69. The system of claim 58, wherein the sleep state data indicates one or more of a duration of time of a sleep state, a duration and/or frequency interval of one or more of a wake state, a REM state, and a NREM state; and a change in one or more sleep states.

70. The system of claim 58, wherein the at least one memory comprises further instructions, that when executed by the at least one processor, cause the system to: determine, using the plurality of features, a plurality of body areas of the subject, each body area of the plurality of body areas corresponding to a video frame of the video data; and determine the sleep state data based on changes in the plurality of body areas during the video.

71. The system of claim 58, wherein the at least one memory comprises further instructions, that when executed by the at least one processor, cause the system to: determine, using the plurality of features, a plurality of width-length ratios, each width-length ratio of the plurality of width-length ratios corresponding to a video frame of the video data; and determine the sleep state data based on changes in the plurality of width-length ratios during the video.

72. The system of claim 58, wherein the instructions that cause the system to determine the sleep state data further causes the system to: detect a transition from a NREM state to a REM state based on a change in a body area or body shape of the subject, the change in the body area or body shape being a result of muscle atonia.

73. The system of claim 58, wherein the at least one memory comprises further instructions, that when executed by the at least one processor, cause the system to: determine a plurality of width-length ratios for the subject, a width-length ratio of the plurality of width-length ratios corresponding to a video frame of the video data; determine time domain features using the plurality of width-length ratios; determine frequency domain features using the plurality of width-length ratios, wherein the time domain features and the frequency domain features represent motion of an abdomen of the subject; and determine the sleep state data using the time domain features and the frequency domain features.

74. The system of claim 58, wherein the video captures the subject in the subject’s natural state.

75. The system of claim 74, wherein the subject’s natural state comprises the absence of an invasive detection means in or on the subject.

76. The system of claim 75, wherein the invasive detection means comprises one or both of an electrode attached to and an electrode inserted into the subject.

77. The system of claim 58, wherein the video is a high-resolution video.
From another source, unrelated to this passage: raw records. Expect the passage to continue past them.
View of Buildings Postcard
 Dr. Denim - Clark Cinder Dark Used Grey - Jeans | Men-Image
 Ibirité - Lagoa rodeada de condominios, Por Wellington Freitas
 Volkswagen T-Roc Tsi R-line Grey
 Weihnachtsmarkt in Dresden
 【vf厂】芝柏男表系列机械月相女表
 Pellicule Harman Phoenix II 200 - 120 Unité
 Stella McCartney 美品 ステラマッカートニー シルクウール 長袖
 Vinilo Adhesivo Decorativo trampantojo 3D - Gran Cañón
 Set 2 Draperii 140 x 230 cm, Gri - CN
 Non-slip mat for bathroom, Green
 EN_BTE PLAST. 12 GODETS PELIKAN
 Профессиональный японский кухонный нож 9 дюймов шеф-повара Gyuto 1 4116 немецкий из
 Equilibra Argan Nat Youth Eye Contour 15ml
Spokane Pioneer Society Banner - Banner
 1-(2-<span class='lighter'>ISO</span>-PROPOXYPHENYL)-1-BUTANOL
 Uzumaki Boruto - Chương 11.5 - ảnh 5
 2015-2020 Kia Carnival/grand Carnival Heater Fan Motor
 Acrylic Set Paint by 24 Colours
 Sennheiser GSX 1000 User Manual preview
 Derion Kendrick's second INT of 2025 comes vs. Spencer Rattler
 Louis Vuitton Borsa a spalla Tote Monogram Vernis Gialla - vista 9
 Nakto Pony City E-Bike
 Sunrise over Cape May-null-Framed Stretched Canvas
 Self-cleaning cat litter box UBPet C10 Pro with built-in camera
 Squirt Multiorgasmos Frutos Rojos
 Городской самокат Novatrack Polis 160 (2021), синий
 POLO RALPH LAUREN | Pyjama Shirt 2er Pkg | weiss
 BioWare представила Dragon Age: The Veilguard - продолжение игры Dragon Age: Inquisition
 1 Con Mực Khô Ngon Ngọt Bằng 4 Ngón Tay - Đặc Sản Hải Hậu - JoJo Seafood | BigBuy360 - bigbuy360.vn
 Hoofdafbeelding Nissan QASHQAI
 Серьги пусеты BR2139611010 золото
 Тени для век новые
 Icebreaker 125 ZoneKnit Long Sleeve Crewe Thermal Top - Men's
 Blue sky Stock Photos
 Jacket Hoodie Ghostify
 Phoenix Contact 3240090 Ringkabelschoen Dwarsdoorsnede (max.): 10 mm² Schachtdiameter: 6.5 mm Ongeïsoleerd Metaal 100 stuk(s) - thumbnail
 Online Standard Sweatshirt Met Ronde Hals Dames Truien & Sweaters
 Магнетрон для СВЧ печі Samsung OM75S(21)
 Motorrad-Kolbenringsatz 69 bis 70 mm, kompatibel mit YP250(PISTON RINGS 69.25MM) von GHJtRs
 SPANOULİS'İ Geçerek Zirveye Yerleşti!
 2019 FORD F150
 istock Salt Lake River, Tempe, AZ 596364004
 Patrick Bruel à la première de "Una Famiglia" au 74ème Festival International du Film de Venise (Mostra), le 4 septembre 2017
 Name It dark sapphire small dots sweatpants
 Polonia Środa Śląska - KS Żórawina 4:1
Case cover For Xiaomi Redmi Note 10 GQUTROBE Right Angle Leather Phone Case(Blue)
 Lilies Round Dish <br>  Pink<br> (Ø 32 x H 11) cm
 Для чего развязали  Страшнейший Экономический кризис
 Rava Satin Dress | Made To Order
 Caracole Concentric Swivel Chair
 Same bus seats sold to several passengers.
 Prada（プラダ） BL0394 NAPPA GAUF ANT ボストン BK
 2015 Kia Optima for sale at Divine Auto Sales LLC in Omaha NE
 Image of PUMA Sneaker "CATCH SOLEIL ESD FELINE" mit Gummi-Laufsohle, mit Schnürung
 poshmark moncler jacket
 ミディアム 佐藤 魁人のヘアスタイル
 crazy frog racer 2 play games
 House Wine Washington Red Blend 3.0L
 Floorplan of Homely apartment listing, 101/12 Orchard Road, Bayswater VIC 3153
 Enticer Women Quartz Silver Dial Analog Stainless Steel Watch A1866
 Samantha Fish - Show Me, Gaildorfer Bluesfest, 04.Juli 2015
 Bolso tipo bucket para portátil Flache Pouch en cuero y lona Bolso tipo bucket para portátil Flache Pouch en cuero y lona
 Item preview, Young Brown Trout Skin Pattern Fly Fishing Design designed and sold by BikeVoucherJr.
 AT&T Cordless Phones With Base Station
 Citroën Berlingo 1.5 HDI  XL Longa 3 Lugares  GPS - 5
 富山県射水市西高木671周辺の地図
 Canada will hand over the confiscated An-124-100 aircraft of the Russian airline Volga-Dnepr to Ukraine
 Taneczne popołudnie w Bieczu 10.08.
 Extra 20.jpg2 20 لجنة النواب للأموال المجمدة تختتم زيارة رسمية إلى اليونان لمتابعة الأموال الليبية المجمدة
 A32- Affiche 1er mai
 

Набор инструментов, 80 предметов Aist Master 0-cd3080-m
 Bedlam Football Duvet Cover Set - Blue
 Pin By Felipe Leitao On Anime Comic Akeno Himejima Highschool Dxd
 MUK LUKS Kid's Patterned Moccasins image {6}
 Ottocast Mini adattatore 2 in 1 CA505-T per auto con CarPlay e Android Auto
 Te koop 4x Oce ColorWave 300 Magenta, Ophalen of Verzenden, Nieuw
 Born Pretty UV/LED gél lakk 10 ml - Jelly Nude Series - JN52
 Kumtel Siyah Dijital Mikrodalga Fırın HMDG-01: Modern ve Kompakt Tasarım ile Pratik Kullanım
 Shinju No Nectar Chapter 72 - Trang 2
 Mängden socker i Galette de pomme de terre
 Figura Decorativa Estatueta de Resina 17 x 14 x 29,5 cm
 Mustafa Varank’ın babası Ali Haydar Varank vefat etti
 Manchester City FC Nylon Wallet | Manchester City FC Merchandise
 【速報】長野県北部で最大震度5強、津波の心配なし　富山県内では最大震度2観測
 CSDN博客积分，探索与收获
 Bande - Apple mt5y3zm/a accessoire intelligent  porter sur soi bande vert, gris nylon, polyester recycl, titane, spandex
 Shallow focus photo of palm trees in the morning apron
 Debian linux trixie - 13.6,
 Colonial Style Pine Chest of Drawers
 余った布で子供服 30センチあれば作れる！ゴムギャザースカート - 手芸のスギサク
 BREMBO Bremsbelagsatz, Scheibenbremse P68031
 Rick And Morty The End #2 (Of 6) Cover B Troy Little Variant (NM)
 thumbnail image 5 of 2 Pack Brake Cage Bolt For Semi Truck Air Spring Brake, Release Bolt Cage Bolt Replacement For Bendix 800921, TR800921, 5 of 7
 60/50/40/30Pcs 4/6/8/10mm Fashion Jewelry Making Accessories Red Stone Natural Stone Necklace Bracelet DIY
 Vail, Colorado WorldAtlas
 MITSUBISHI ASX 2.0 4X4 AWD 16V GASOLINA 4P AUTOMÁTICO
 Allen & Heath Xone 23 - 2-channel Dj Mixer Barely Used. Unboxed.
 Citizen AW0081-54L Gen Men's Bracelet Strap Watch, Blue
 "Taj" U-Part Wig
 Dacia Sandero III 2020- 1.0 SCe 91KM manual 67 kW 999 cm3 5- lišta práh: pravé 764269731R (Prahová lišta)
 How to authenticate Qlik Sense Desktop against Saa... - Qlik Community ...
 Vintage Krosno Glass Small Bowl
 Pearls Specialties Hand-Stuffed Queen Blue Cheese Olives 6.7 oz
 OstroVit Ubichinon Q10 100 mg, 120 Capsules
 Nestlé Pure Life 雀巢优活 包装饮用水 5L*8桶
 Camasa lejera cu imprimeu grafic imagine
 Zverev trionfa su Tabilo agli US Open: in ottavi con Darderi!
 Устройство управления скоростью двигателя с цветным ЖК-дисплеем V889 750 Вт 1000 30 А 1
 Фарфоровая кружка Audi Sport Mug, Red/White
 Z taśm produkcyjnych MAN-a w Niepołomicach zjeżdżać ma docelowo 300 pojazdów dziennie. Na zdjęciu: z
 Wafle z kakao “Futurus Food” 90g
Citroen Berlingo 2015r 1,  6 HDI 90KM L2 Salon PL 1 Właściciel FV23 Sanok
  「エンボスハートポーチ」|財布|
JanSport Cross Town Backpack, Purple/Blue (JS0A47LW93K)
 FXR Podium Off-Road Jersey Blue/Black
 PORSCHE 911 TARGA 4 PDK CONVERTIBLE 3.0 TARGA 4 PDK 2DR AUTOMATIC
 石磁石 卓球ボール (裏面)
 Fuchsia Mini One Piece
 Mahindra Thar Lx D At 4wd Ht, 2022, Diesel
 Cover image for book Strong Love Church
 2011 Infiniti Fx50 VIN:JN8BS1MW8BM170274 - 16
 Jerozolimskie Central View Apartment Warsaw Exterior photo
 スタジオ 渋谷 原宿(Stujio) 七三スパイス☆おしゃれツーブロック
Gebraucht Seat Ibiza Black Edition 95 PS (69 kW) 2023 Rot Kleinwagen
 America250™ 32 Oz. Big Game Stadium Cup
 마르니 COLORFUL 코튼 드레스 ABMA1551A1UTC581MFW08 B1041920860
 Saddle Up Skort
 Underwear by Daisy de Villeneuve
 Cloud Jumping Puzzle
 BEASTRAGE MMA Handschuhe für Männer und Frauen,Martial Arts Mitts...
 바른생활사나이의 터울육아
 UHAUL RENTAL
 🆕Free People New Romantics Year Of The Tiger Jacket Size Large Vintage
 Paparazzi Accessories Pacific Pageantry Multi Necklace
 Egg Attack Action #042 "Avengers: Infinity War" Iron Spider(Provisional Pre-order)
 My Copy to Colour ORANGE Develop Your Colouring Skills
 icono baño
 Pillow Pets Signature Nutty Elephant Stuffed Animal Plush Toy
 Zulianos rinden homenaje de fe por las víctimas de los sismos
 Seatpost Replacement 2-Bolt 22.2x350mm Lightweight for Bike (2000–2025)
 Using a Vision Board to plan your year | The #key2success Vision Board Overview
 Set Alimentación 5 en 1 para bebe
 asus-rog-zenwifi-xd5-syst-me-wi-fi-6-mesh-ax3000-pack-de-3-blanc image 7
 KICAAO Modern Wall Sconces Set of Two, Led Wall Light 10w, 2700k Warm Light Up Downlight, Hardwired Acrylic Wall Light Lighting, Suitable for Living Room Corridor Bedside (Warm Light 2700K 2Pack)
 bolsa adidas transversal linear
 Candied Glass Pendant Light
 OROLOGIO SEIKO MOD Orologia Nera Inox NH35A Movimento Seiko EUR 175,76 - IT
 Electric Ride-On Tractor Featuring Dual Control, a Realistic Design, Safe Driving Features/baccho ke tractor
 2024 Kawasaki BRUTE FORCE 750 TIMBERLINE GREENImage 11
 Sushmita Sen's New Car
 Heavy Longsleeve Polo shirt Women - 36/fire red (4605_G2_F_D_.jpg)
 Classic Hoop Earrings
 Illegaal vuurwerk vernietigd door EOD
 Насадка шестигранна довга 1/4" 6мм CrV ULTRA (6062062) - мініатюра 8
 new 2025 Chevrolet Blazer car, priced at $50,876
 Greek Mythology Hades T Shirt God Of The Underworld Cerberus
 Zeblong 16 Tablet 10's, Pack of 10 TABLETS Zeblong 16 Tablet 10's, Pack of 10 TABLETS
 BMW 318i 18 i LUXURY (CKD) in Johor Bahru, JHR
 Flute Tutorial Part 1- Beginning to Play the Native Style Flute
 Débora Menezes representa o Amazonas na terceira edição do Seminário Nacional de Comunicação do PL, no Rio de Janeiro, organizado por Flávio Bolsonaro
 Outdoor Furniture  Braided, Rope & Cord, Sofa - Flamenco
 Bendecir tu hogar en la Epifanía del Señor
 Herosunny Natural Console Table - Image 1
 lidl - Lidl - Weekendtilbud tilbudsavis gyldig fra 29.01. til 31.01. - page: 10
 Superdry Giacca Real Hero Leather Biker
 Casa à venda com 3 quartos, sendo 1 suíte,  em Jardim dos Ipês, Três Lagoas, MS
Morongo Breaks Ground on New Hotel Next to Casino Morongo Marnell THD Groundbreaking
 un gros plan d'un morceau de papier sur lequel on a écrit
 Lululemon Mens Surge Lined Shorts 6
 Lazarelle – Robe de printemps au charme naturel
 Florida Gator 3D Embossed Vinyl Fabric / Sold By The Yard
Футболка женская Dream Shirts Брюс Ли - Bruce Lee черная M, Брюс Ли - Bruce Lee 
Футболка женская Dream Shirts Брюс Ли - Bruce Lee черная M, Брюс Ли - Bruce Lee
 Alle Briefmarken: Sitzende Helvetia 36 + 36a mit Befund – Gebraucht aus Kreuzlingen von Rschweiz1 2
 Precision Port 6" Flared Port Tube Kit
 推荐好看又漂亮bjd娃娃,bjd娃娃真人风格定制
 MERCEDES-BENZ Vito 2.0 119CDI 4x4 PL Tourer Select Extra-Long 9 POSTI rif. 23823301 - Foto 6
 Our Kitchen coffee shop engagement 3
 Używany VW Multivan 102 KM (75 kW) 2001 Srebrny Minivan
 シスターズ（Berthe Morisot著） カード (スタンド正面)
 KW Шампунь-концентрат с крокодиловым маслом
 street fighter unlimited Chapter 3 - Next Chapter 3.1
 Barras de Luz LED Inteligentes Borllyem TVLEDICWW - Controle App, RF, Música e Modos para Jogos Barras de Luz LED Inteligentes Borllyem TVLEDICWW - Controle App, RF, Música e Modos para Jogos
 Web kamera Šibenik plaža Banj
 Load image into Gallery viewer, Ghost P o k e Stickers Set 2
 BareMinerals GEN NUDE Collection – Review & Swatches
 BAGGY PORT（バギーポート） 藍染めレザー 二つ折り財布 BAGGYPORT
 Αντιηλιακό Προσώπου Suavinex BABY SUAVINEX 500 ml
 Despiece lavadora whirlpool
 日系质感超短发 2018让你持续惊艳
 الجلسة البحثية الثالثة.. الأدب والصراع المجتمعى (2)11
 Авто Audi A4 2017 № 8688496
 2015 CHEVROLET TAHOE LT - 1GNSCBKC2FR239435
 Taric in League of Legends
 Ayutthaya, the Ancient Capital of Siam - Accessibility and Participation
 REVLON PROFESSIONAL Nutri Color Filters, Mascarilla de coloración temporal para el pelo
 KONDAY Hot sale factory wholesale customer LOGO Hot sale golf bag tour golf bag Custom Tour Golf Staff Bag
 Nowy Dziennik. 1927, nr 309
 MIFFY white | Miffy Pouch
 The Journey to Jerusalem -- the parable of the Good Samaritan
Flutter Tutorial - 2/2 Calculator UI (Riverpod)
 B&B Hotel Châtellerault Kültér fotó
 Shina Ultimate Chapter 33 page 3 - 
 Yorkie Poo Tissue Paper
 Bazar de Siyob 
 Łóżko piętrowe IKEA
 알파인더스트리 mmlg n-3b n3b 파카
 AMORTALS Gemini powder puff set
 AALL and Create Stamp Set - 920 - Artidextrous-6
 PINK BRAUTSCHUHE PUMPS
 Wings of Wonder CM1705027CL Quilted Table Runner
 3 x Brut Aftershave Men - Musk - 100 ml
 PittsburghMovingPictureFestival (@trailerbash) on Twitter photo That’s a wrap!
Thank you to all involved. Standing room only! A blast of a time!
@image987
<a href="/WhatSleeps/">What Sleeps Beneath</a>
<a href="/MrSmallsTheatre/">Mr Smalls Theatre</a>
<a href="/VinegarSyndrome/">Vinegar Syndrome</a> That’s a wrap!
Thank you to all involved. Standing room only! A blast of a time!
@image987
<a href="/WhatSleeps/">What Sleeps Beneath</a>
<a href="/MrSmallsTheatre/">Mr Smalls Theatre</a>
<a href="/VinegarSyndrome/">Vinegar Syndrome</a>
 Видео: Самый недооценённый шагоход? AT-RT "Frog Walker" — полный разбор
78. The system of claim 58, wherein the at least one memory comprises further instructions, that when executed by the at least one processor, cause the system to: process, using a machine learning classifier, the plurality of features to determine a plurality of sleep state predictions each for one video frame of the video data; and process, using a transition model, the plurality of sleep state predictions to determine a transition between a first sleep state to a second sleep state.

79. The system of claim 78, wherein the transition model is a Hidden Markov Model.

80. The system of claim 58, wherein the video is of two or more subjects including at least a first subject and a second subject, and wherein the at least one memory comprises further instructions, that when executed by the at least one processor, cause the system to: process the video data to determine first segmentation data indicating a first set of pixels corresponding to the first subject; process the video data to determine second segmentation data indicating a second set of pixels corresponding to the second subject; determine, using the first segmentation data, a first plurality of features corresponding to the first subject; determine, using the first plurality of features, first sleep state data for the first subject; determine, using the second segmentation data, a second plurality of features corresponding to the second subject; and determine, using the second plurality of features, second sleep data for the second subject.

81. The system of claim 58, wherein the subject is a rodent, and optionally is a mouse.

82. The system of claim 58, wherein the subject is a genetically engineered subject.